How can Machine Learning Tools and Citizen Science Data Support Oregon’s State Wildlife Action Plan?

A burrowing owl stands in dry grass and looks straight at the camera
  • Oregon Department of Fish and Wildlife
In Progress

Climate change poses significant challenges to biodiversity in the Pacific Northwest, particularly for species of conservation concern. Species distribution models (SDMs) offer a powerful tool to predict habitat suitability under changing environmental conditions, helping managers make informed decisions. This research addresses critical knowledge gaps identified by the Oregon Department of Fish & Wildlife (ODFW) in their State Wildlife Action Plan (SWAP), especially regarding how species may respond to increasing temperatures and shifting precipitation patterns. 

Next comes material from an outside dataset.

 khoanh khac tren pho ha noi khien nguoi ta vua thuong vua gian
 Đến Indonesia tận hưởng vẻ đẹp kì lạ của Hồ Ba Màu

In this project, Rebecca Hutchinson will collaborate with ODFW to enhance the utility of SDMs for climate adaptation planning. This project applies recent machine learning advances to two key areas — leveraging community science data and evaluating models under changing conditions. In their work applying machine learning to community science data, the project team will use eBird data and spatial clustering algorithms to improve occupancy models for bird species, addressing the challenge of imperfect detection in opportunistic datasets. These methods will be adapted for use by ODFW managers and evaluated with structured survey data. In their second focus area around evaluating models under changing conditions, the team will develop evaluation strategies that reflect real-world use cases — such as predicting species distributions in novel climates or regions — ensuring SDMs are robust and applicable to management decisions. 

By co-producing actionable science and creating accessible workflows, this project supports climate-informed conservation strategies and strengthens the partnership between academic research and resource management.